De los tres pueblos junto al río Cueza, Quintanilla es el
más pequeño. Me desvío y dejo a la
izquierda 2 palomares de planta circular y 2 de planta cuadrada. Subo hasta la que creo que es la iglesia. Es
en realidad una torre exenta que corona el caserío. Ahora sí veo la iglesia,
algo más abajo. Es un paseo corto. Cerrada. La chiesa è chiusa? Aprendí a decir
en italiano hace muchos años. Aquí, ni siquiera hay a quién preguntar, aunque
ahora que me he detenido oigo un sonido rítmico, así que camino hacia el lugar
de donde proviene. Enseguida me encuentro frente a un grupo que no distingo
bien de momento. Me acerco al ritmo de un martillo. Supongo que me
observan. No hay nadie más. Se escucha además el sonido de un transistor. Está colocado en el alféizar de una ventana.
A la sombra, una mujer y un hombre de edad avanzada. Al otro lado de la calle,
al sol, sobre el andamio, un muchacho arregla el tejadillo de un patio. El que
parece ser el capataz, lo mira desde abajo. Entablo conversación con los mayores. Así
puedo saber que arreglan la casa que han comprado a los curas, que Quintanilla de la Cueza tiene hoy 7 habitantes y que el retablo
que quería ver se lo llevó el arzobispo a Palencia, por miedo a las goteras.
–María-. Dice
él. –Enséñale la casa a este hombre-. Él
trabajó hasta los 55 en Bilbao, en el metal. Con la desindustrialización se
prejubiló. Solo vienen de vacaciones porque el pueblo es muy triste. Ella abre una por una las puertas de todas las habitaciones, los aseos, la despensa, la cocina y
una recocina con una especie de cama hecha de ladrillo que puede
calentarse haciendo fuego debajo.
-Aquí dormía mi madre
la siesta. Bien caliente–. Luego se queda un momento parada, suspira y dice: -No
se qué me da que empiece el año, con lo mala que está fulanita-.

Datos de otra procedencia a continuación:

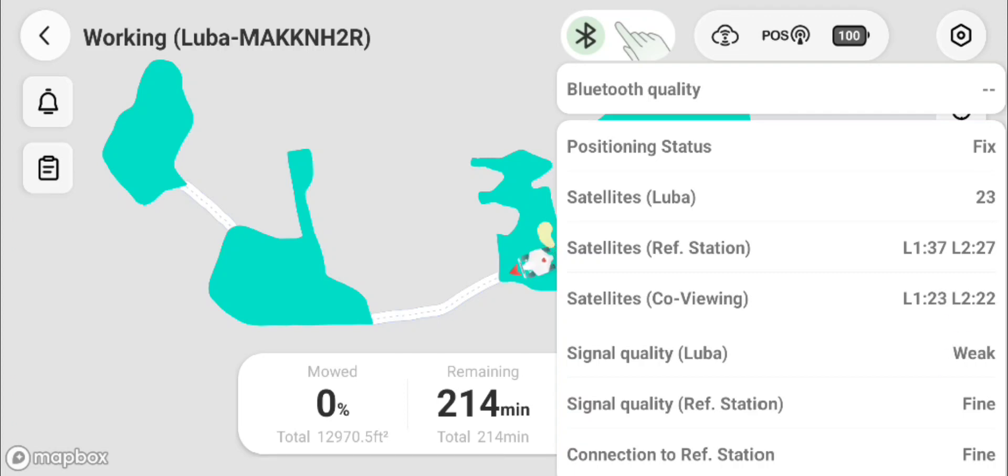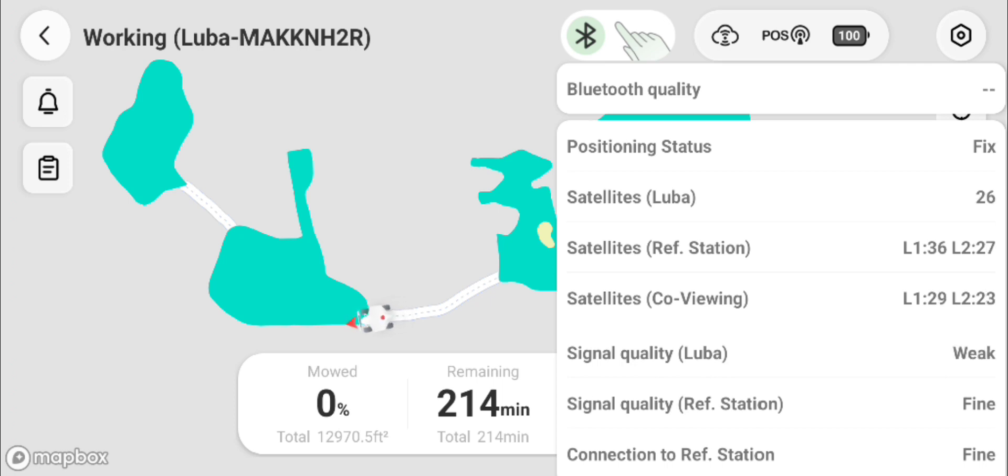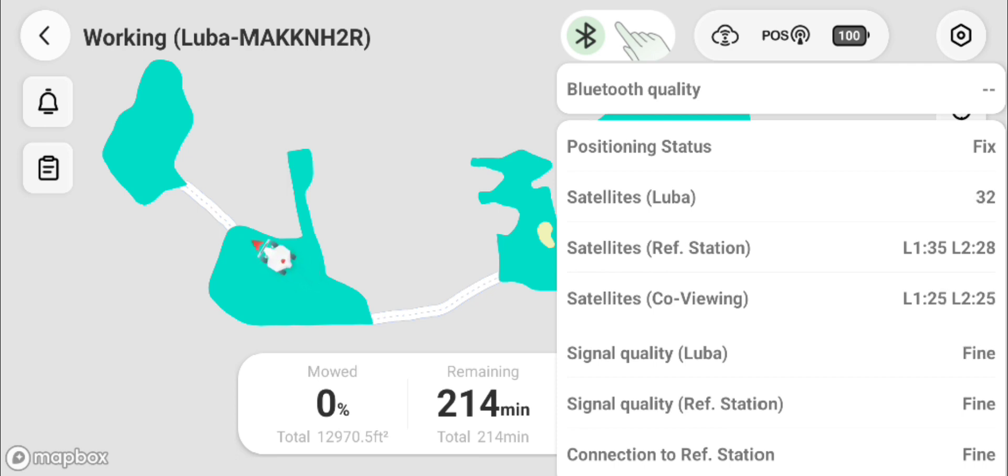Hey guys, Crazy Postman here. I thought it would be neat to throw a sped-up video together of Luba driving all the way to the furthest point in the backyard, showing the signal meters as it's going under all the trees and getting further away from the RTK station. So here it is, driving all the way to the very back corner of the yard.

En el patio, su marido guarda un Seat Málaga que los hijos no le dejan que conduzca ni siquiera hasta Carrión de los Condes. Injection, pone en los laterales.
–¡Nos vamos a comer!-. Grita desde la calle el capataz.
-¡Yo no!-. Replica el Albañil.
-Es que este es moro-. Me aclara el dueño. –Como es el
Ramadán. Pero luego a la noche, come de todo. Ahora, ni beber hace.
-¿Guardo la herramienta?
-Déjala ahí mismo. Robar no han de robar.
Vuelvo hasta el coche. Quedan en pie, junto a la torre, pequeños almacenes. Unos se conservan
bien. Otros ya están entre el decoro y la ruina. Componen retazos de paisaje de
esos a los que la modernidad se acostumbró desde la aparición del cine y la
fotografía: Cezannanianos, diría A.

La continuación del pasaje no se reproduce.